Sunday, October 2, 2011

A Cold Front Weekend In Cape May

[The signature bird of the weekend: Northern Flicker. I tried like hek to get a picture of the signature sound of the weekend, that being a flicker squealing as a Sharp-shinned Hawk tries to rip its tailfeathers out, but this was the best I could do. . .]

On Saturday I joked to Michael as I reached the end of the line of people at the top of the Higbee Beach dike, "Standing room only,eh?" Which is a a bit of a joke anyway, since you don't sit at the dike. Michael looked down the line of people drawn to this famous place (and often disappointed, I hasten to add - we had a bunch of warblers including a "great" look at a flyby Connecticut, but it ain't a simple thing up there and most people are happier in the fields). Then he said, "Well, it is a cold front Saturday in October."

And it was, and Sunday morning Tony Leukering aptly texted, "If you're not out, get out, as there are birds everywhere: NOFL, warblers, sparrows, raptors" . . .two good days to be alive and be a birder.
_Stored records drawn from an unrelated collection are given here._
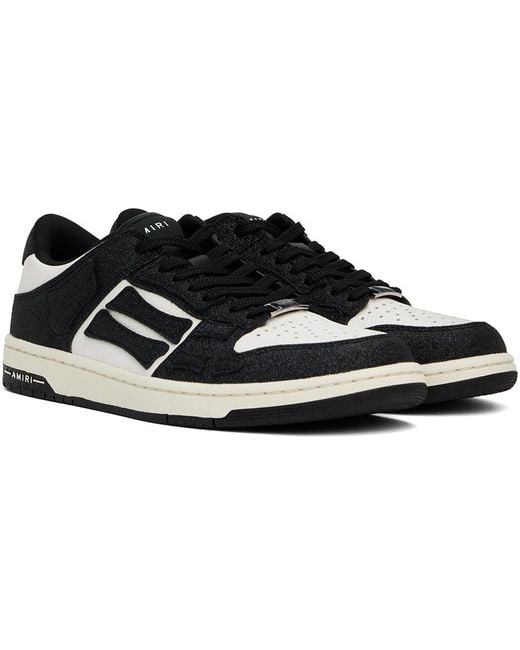 Amiri Black 'Shimmer Skel Top' Sneakers for men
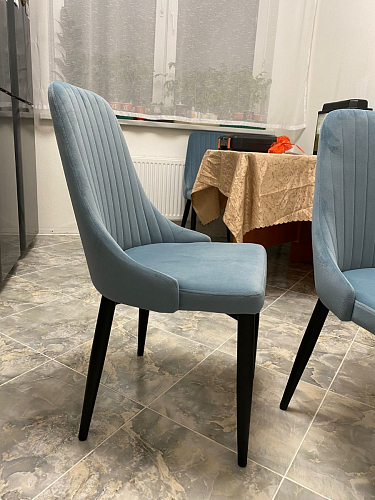 Стул на металлокаркасе Kora green / black фото покупателя 168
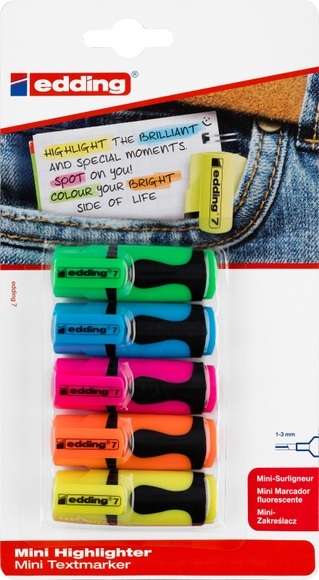 EDDING Leuchtstifte TEXTMARKER MINI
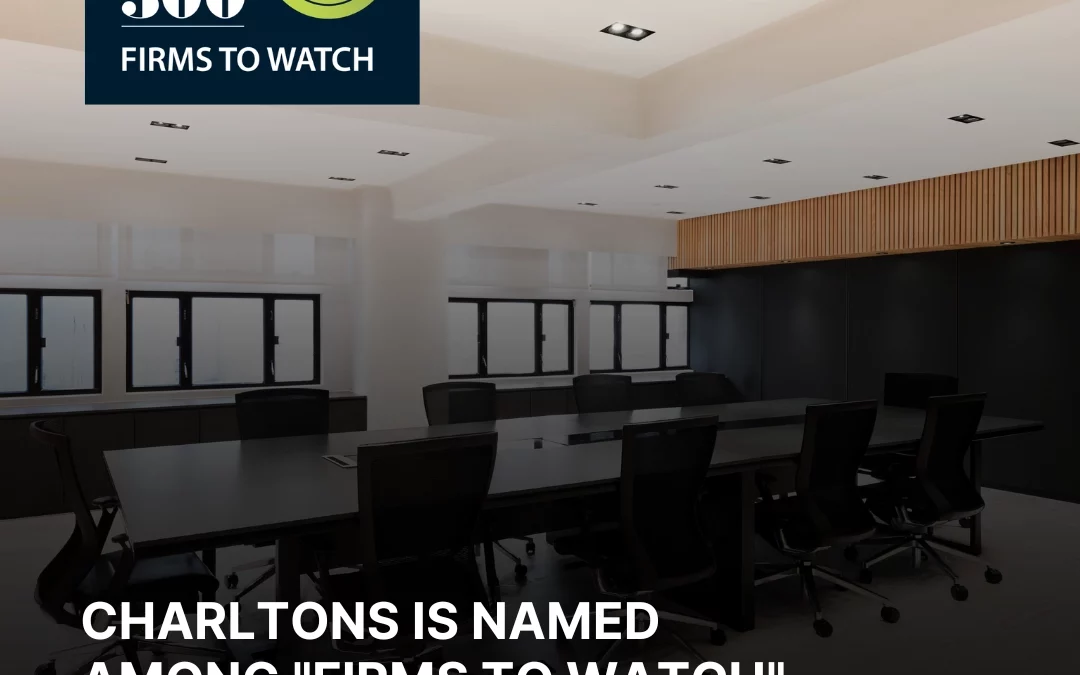 Charltons is named among “Firms to Watch” in Capital Markets (Equity) by The Legal 500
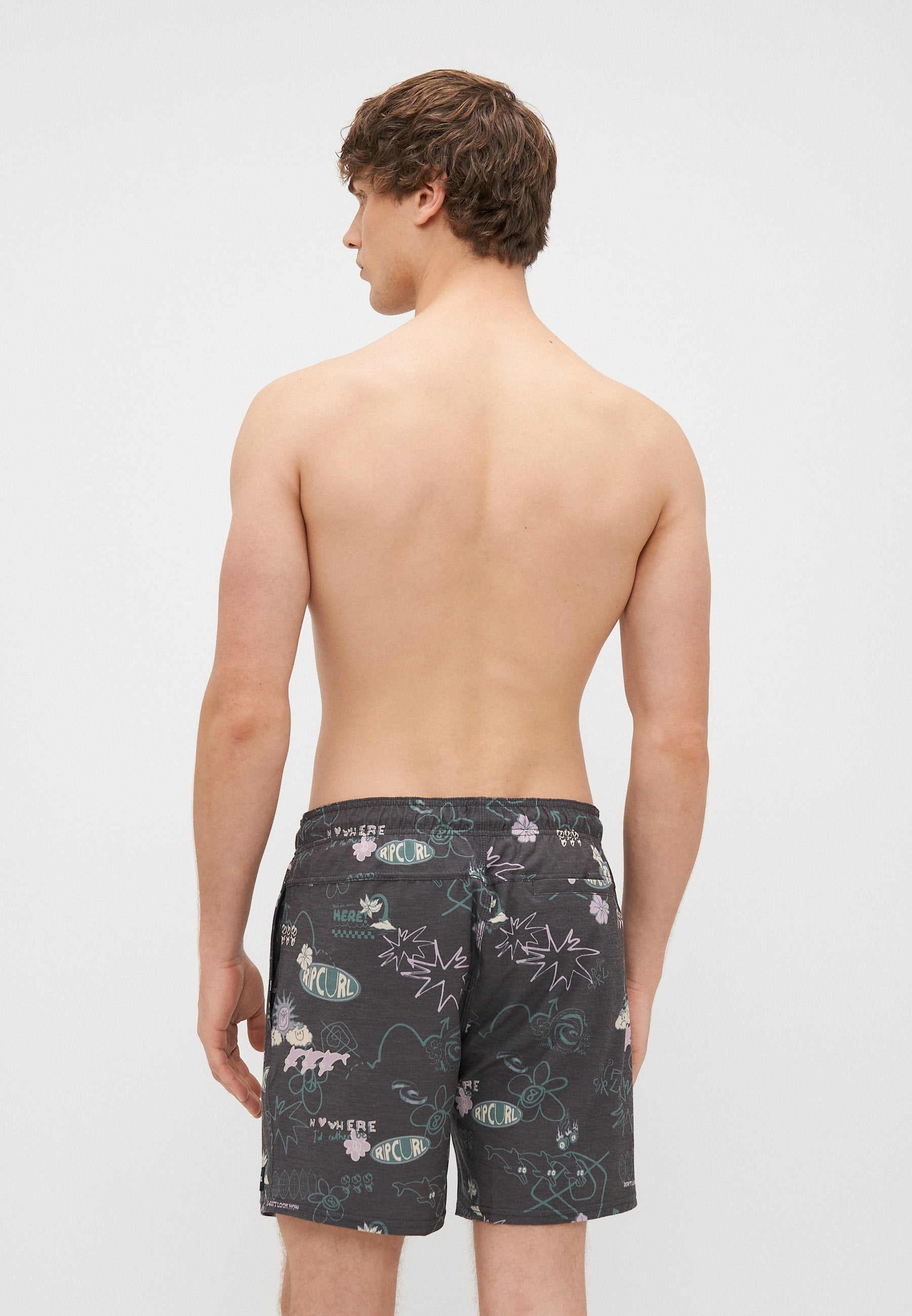 Rip Curl Fun Times Volley Washed Black - pocket detail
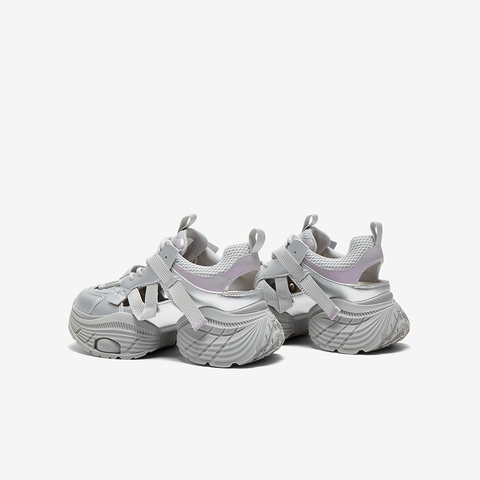 百思图2024秋季新款商场同款休闲老爹运动凉厚底女凉鞋A1688CH4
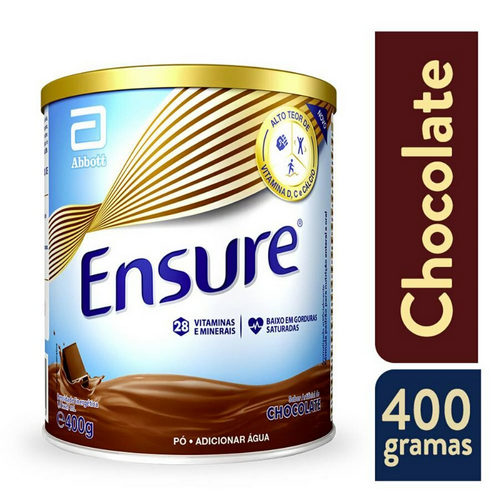 46201.png Suplemento Nutricional Ensure Pó Chocolate 400g Abbott - Imagem 1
eBird tells me I saw 131 species this weekend, pretty great stuff. But what was really special was the way, with patience and stealth, it was possible to get close to some of these migrants. . . which leads me to propose, tongue in cheek and based on some of the "violations" seen this weekend, "The Rules of Higbee Beach," where I spent Saturday and Sunday mornings. Take this tongue in cheek, and put the word "please" in front of each:

1. Slow the hek down. Ooze along the trail, please.
2. Shut the hek up.
3. Lose the bright or white clothing, especially hats.
4. You will never catch up with a bird by running after it.
5. You will never get closer to a bird by moving towards it.
6. If 20 people stand there waiting for the Connecticut to pop up, it won't. And it was probably a Common Yellowthroat anyway.
7. If you swing your camera or bins, the bird will flush. Slowly, please.
8. If someone is standing dead still aiming their camera or binoculars at the bushes, there's probably a reason. Ask them, with a whisper - and go around them, if you must.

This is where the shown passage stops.